• **WHAT YOU NEED TO DO**
Could you write out every record below exactly, leaving the pictures out?

Source data

*** Block opens ***

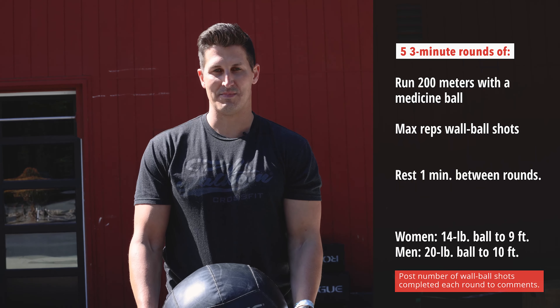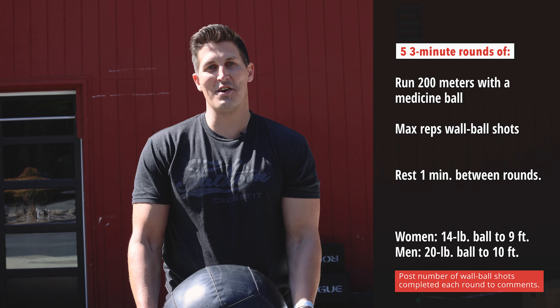In that work time, you're going to do a 200 meter medicine ball burden carry, come back and then complete as many wall ball shots as possible in the remaining time you have left. You'll do that for five rounds and your score is going to be your total wall ball shots.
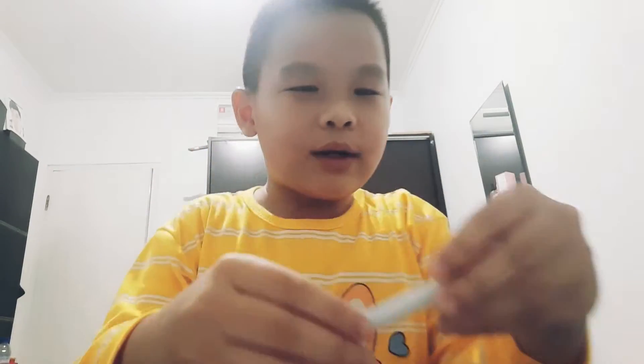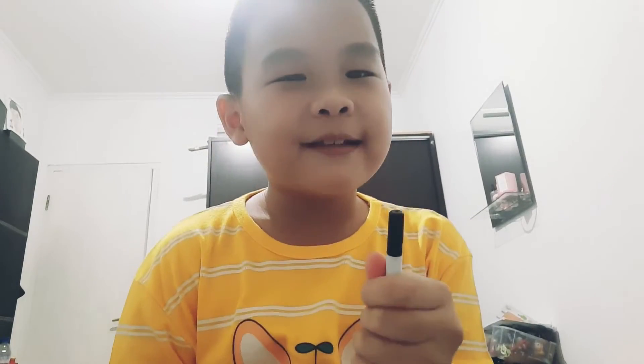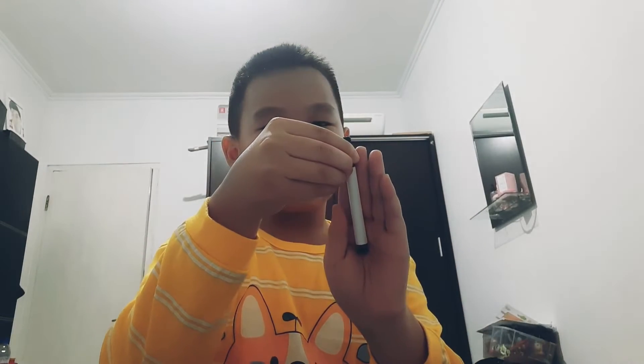Hello! Today I want to show you a magic trick with this marker. Do you want to know how? The tutorial is like this: put it behind your hand, a little bit of this, do like this — there. Then you're just gonna do this. Look back — see? One more.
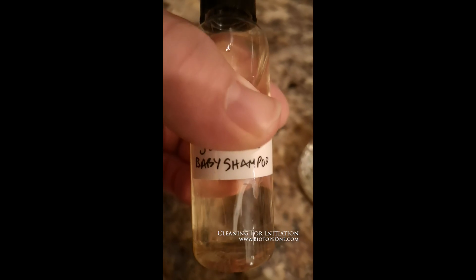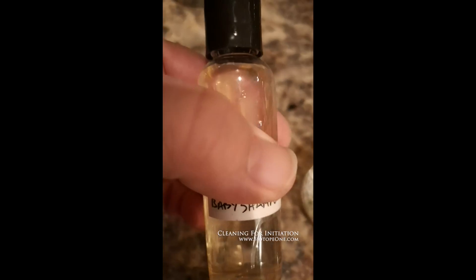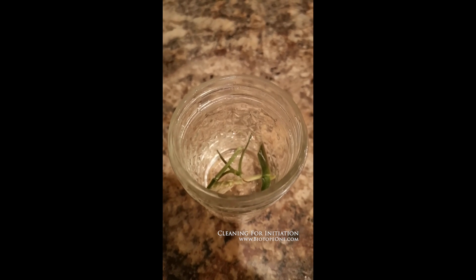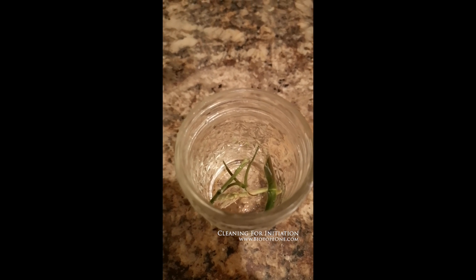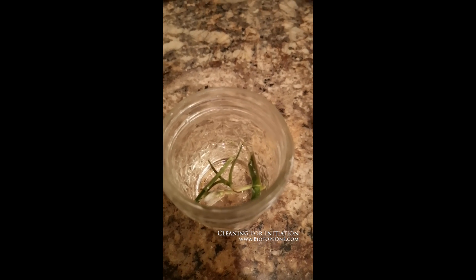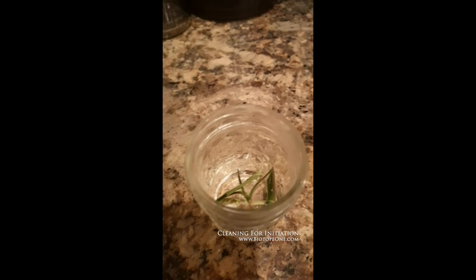I've rinsed off my explants for about five minutes and I'm going to use baby shampoo as a surfactant — it helps clean better if you use some kind of detergent shampoo. Johnson's is pretty mild; any of the baby shampoos will work. I've used Dawn but I seem to have a little better livability with baby shampoo. I'm just going to add a couple of drops, and then I'm going to shake it for about five minutes, then rinse it some more before starting the bleach and hydrogen peroxide.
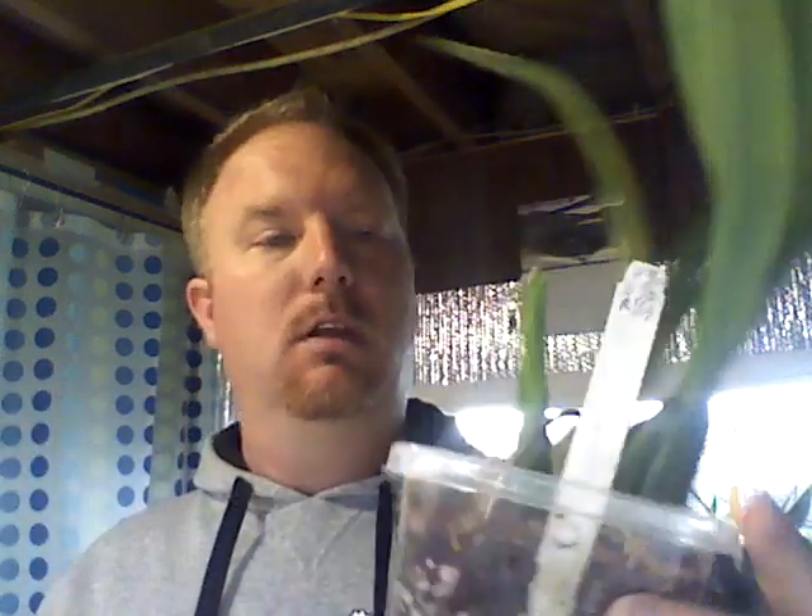Another thing I wanted to show — this is a division I made of a bigger plant I got from the Orchid Society. This plant is a Miltoniopsis — I want to say Miltoniopsis Oncidium 'Super Spot Everglade'. It's growing new roots and has a new pseudobulb growing from the two back bulbs I had, and it's doing very well.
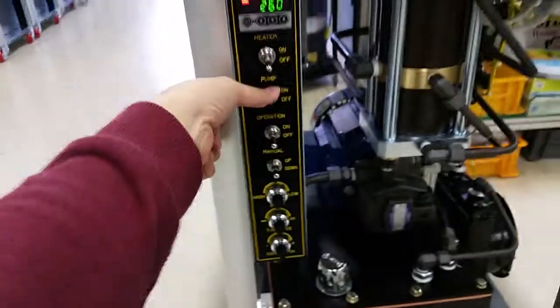After cleaning, turn the pump off and then switch off the machine. That's it — thank you.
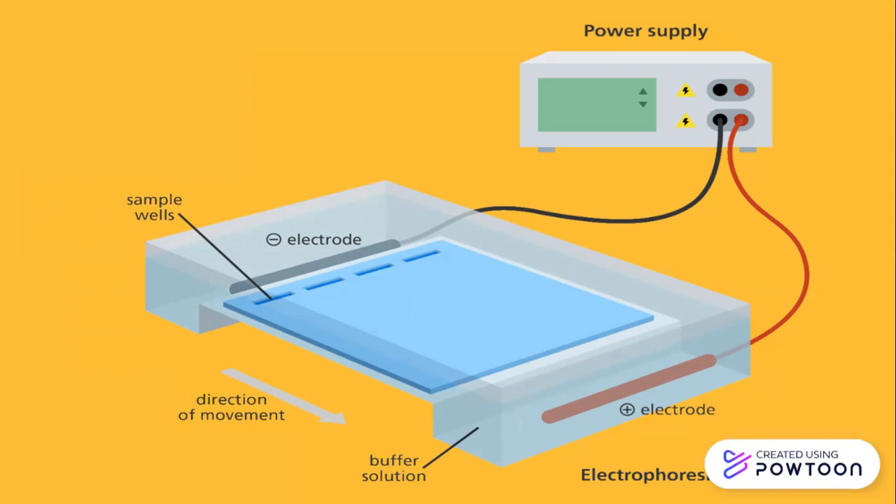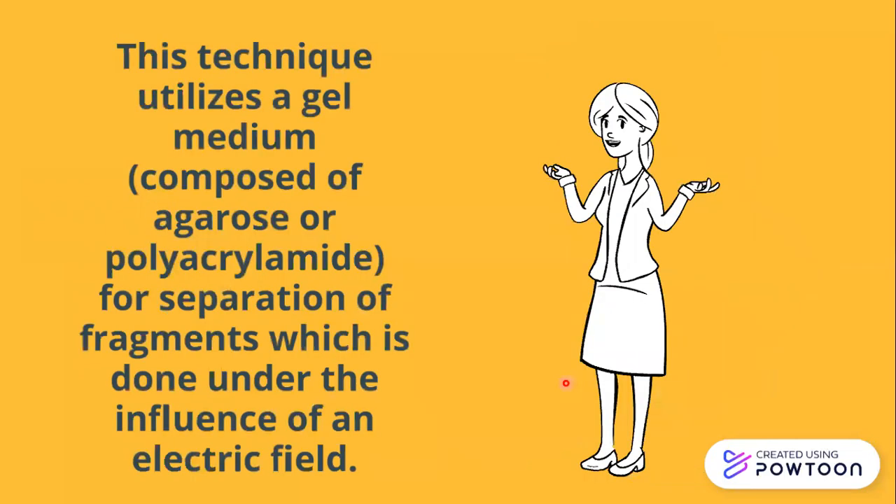This is the power supply and this is the negative electrode. Since DNA is negatively charged, it will start moving towards the positive end of the electrophoresis chamber. This technique utilizes a gel medium composed of agarose or polyacrylamide for separation of fragments under the influence of an electric field.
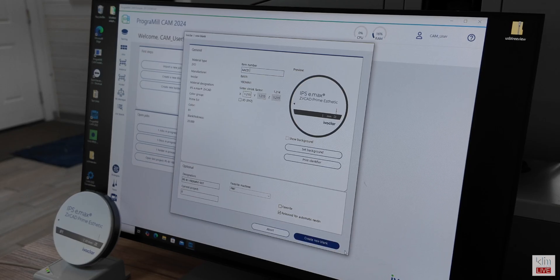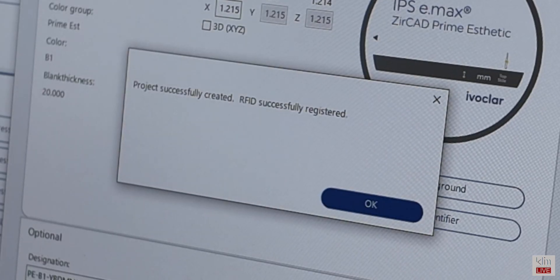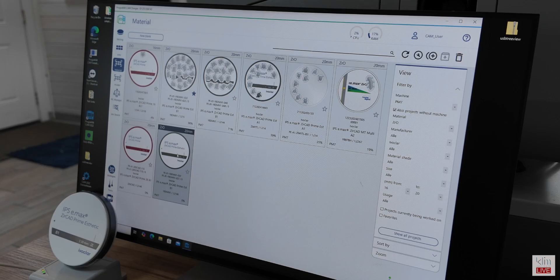The RFID label provides efficient registering of that disk within the CAM software for the PM7. By simply placing the disk with the RFID reading strip onto the RFID reader, it will automatically initiate the CAM software to read that disk. Once that disk is read and it's in the CAM software, we can retrieve it later on.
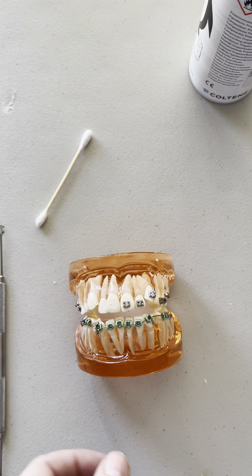As long as nothing's broken it will be completely straight by the time you see them again, assuming you placed your brackets correctly. Hopefully this was helpful — thanks so much, that's copper ni-tie.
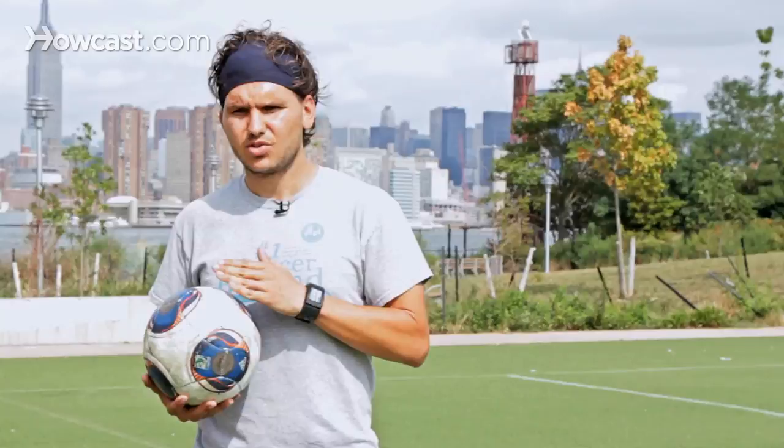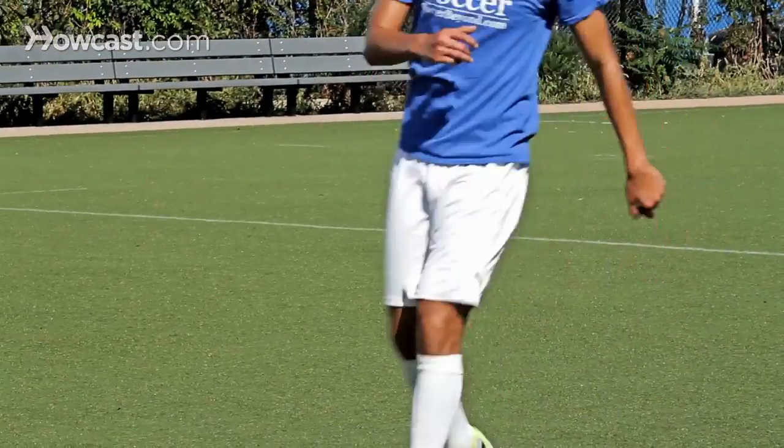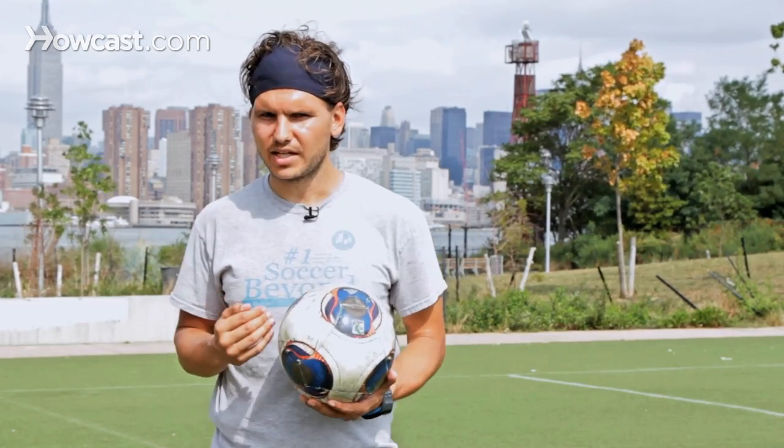Make sure that the toe is pointed down so you can hit it nicely with the shoelaces. You get a big surface of the foot to actually strike the ball and make sure that the ball is going forward instead of up. You can also volley with the inside of the foot, but here we focus on volleying with the shoelaces — toe down, leaning forward, getting the right distance on the ball, being balanced when taking a shot, and follow through.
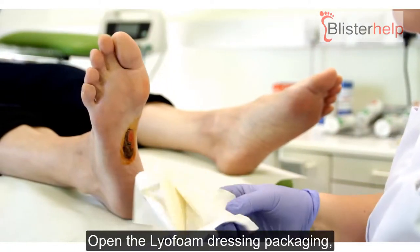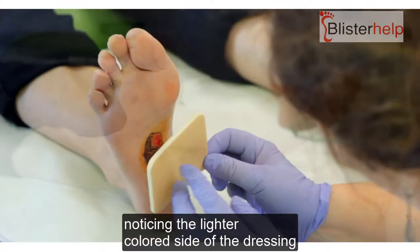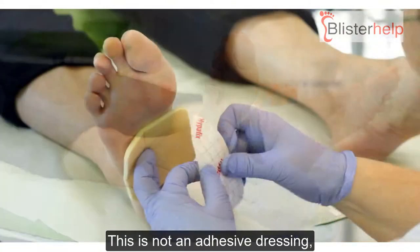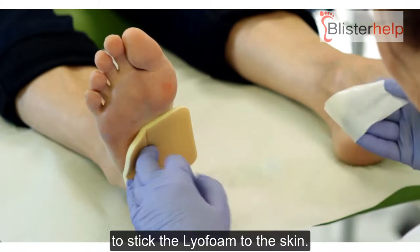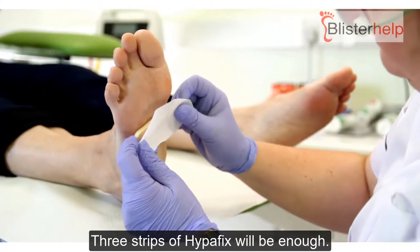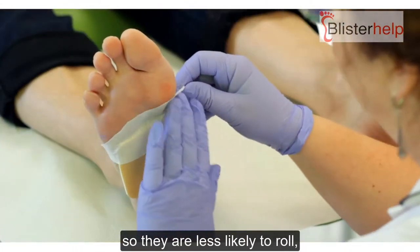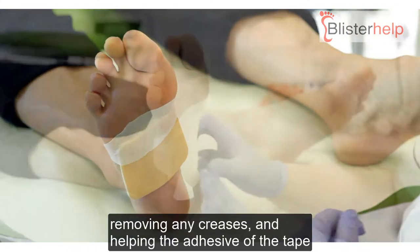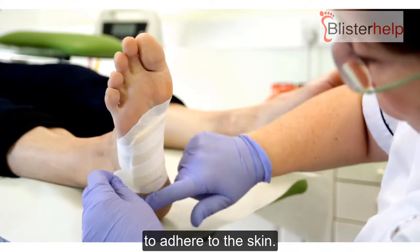Open the lyophane dressing packaging, noticing the lighter coloured side of the dressing goes to the skin. This is not an adhesive dressing, so you will need Hyperfix tape to stick the lyophane to the skin. Three strips of Hyperfix will be enough. Round the edges of the Hyperfix so they are less likely to roll, and smooth the tape with your fingers, removing any creases and helping the adhesive of the tape to adhere to the skin.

*** Block closes ***

• **FINAL ANSWER**
In that work time, you're going to do a 200 meter medicine ball burden carry, come back and then complete as many wall ball shots as possible in the remaining time you have left. You'll do that for five rounds and your score is going to be your total wall ball shots.
Hello! Today I want to show you a magic trick with this marker. Do you want to know how? The tutorial is like this: put it behind your hand, a little bit of this, do like this — there. Then you're just gonna do this. Look back — see? One more.
I've rinsed off my explants for about five minutes and I'm going to use baby shampoo as a surfactant — it helps clean better if you use some kind of detergent shampoo. Johnson's is pretty mild; any of the baby shampoos will work. I've used Dawn but I seem to have a little better livability with baby shampoo. I'm just going to add a couple of drops, and then I'm going to shake it for about five minutes, then rinse it some more before starting the bleach and hydrogen peroxide.
Another thing I wanted to show — this is a division I made of a bigger plant I got from the Orchid Society. This plant is a Miltoniopsis — I want to say Miltoniopsis Oncidium 'Super Spot Everglade'. It's growing new roots and has a new pseudobulb growing from the two back bulbs I had, and it's doing very well.
After cleaning, turn the pump off and then switch off the machine. That's it — thank you.
This is the power supply and this is the negative electrode. Since DNA is negatively charged, it will start moving towards the positive end of the electrophoresis chamber. This technique utilizes a gel medium composed of agarose or polyacrylamide for separation of fragments under the influence of an electric field.
The RFID label provides efficient registering of that disk within the CAM software for the PM7. By simply placing the disk with the RFID reading strip onto the RFID reader, it will automatically initiate the CAM software to read that disk. Once that disk is read and it's in the CAM software, we can retrieve it later on.
As long as nothing's broken it will be completely straight by the time you see them again, assuming you placed your brackets correctly. Hopefully this was helpful — thanks so much, that's copper ni-tie.
Make sure that the toe is pointed down so you can hit it nicely with the shoelaces. You get a big surface of the foot to actually strike the ball and make sure that the ball is going forward instead of up. You can also volley with the inside of the foot, but here we focus on volleying with the shoelaces — toe down, leaning forward, getting the right distance on the ball, being balanced when taking a shot, and follow through.
Open the lyophane dressing packaging, noticing the lighter coloured side of the dressing goes to the skin. This is not an adhesive dressing, so you will need Hyperfix tape to stick the lyophane to the skin. Three strips of Hyperfix will be enough. Round the edges of the Hyperfix so they are less likely to roll, and smooth the tape with your fingers, removing any creases and helping the adhesive of the tape to adhere to the skin.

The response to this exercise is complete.